Nowadays, the Kennebec River is notable for sturgeon leaping up from the surface of the water and American bald eagles swooping down low. On summer days, whitewater rafters whoop their way down the Kennebec River Gorge, and fishermen cast their lines hoping for nibbles from trout, salmon, and smallmouth bass.
But 50 years ago, it was a very different scene. At that time the Kennebec, along with most other Maine rivers, was a stinking, polluted waterway—a longtime dumping ground for raw municipal sewage, paper-mill chemical effluent, and garbage. The industrial waste killed fish and caused stench and fumes that peeled paint off buildings, woke up sleeping babies, and made people sick.
The extraordinary transformation happened thanks to the Clean Water Act, which was signed into law in October 1972.
Last week, Colby hosted the program 50 Years of the Clean Water Act in Maine, a conversation with Pete Didisheim of the Natural Resources Council of Maine and Richard Judd, an environmental history professor emeritus from the University of Maine. The event was introduced by Philip Nyhus, professor of environmental studies, and attended by many Colby students, who eagerly participated in the question-and-answer period.
Nyhus emphasized the state’s role in the environmental movement, adding that the Clean Water Act was passed thanks, in large part, to U.S. Senator Ed Muskie of Maine.
“Maine itself is an amazing place to reflect on the past, present, and future of environmental policy,” Nyhus said. “Henry David Thoreau, Teddy Roosevelt, Rachel Carson, and many others came [here], were inspired, and ended up changing the country and, indeed, the world.”
According to Judd, the regulatory framework of the 1970s came about because of a nascent civic environmental movement that happened in the 1950s. During that time, groundwork was laid that ultimately allowed Mainers to challenge industry and help the environment.
That wasn’t easy to do. For most of the 20th century, the state had a national reputation as a “paper plantation,” a colony run by paper companies, textile mills, and hydropower corporations, he said. In the first half of the century, the 37 pulp and paper mills and 80 textile mills spewed huge quantities of waste into the rivers, with around 100 million gallons of waste a day flowing into the Androscoggin River alone.
By the 1950s, ordinary Mainers were getting fed up. In Lewiston, businessmen got together and formed “indignation meetings” and “action clubs.” They petitioned the legislature, talked to the governor, wrote editorials, and began the process of seeking remediation.
“Those are the first real environmental organizations, you might say, in this state,” Judd said.
At first, the arguments to clean the rivers were rooted in economics.
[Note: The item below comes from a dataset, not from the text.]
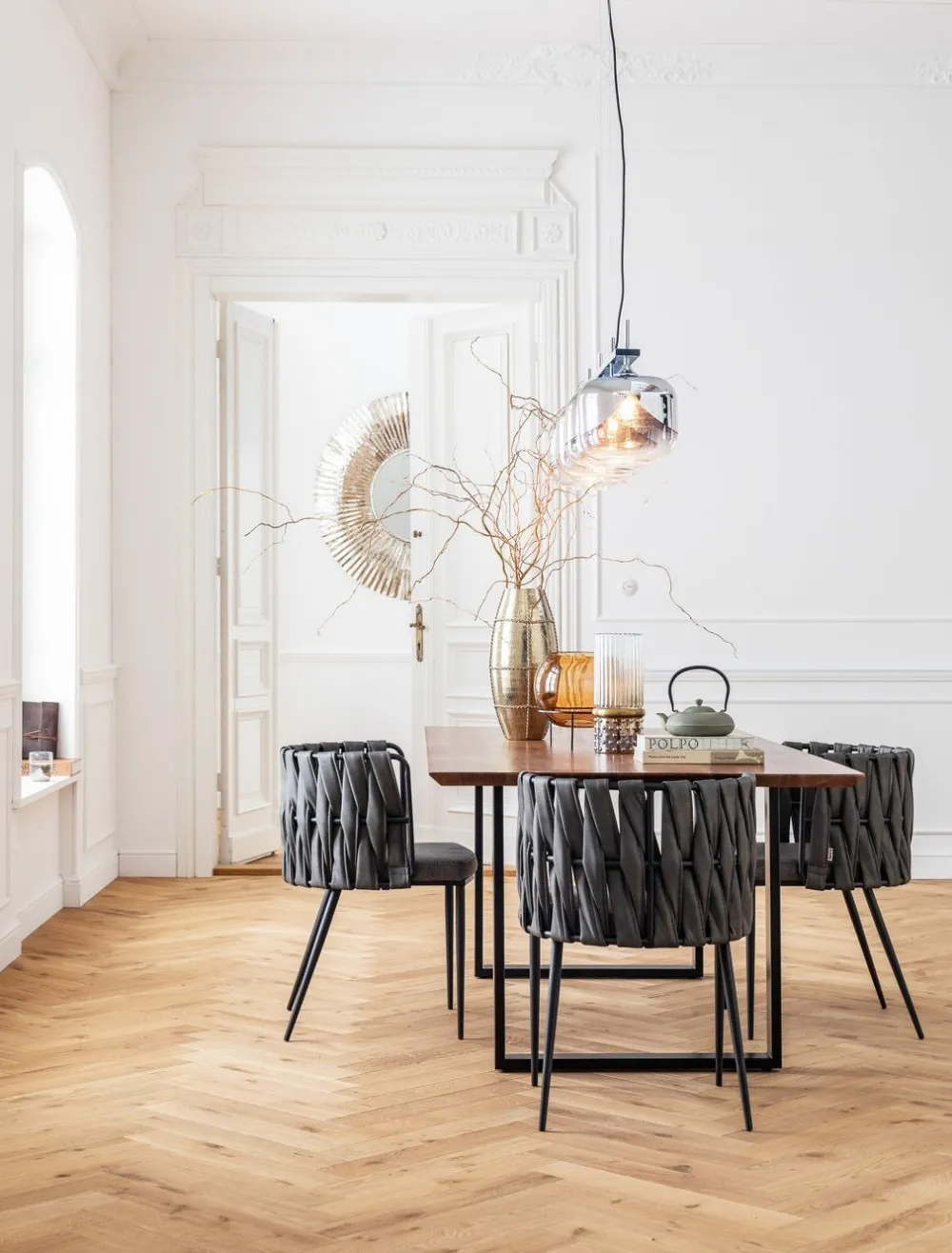 eettafel_symphony_zwart_xcm_5-2.webp KARE Design Eettafel Symphony Zwart 180x90cm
But as time passed, the effort broadened, with other groups getting involved in the conversation around water quality. Those included local fish and game clubs, garden clubs, and parent-teacher organizations.
“Ordinary people showed up at these meetings tirelessly to promote the idea of environmental legislation,” Judd said.
Water is Maine’s ‘brand identity’
Maine has 6,000 lakes, 31,000 miles of rivers and streams, and 3,500 miles of coastline, and the quality of those waters is part of the state’s brand identity, Didisheim said. Water provides important recreation opportunities and is critical to many businesses and industries, including the state’s emerging role as a mecca for craft beer.
These days, many water-quality indicators are positive, he said. Thanks to dam removals and water cleanup, Atlantic salmon are making it all the way to the lower falls of Gulf Hagas, 150 miles inland from the ocean. And people gather along the Kennebec in Augusta and Hallowell “just to watch sturgeon leaping, which is really an extraordinary thing given how dead our rivers were,” Didisheim said.
His group continues to advocate for strong environmental policies and for the removal of some of the 1,000 dams that remain on Maine rivers.
Maine does face water-quality challenges, including PFAS, a chemical contaminant that has been found in drinking and surface water; climate change, which is causing lake temperatures to rise; and waterfront-development pressures, which have led to increased nutrient runoff to lakes. There’s also political pressure, he said, including a case currently before the Supreme Court that could undermine federal regulatory authority.
Didisheim hopes that the Clean Water Act, and the can-do civil spirit in which it was conceived, will remain strong enough to continue mitigating these challenges.
“It really is an incredible demonstration of the power of legislation propelled by advocacy and implemented through regulatory authorities to require the polluters to clean up their messes,” he said.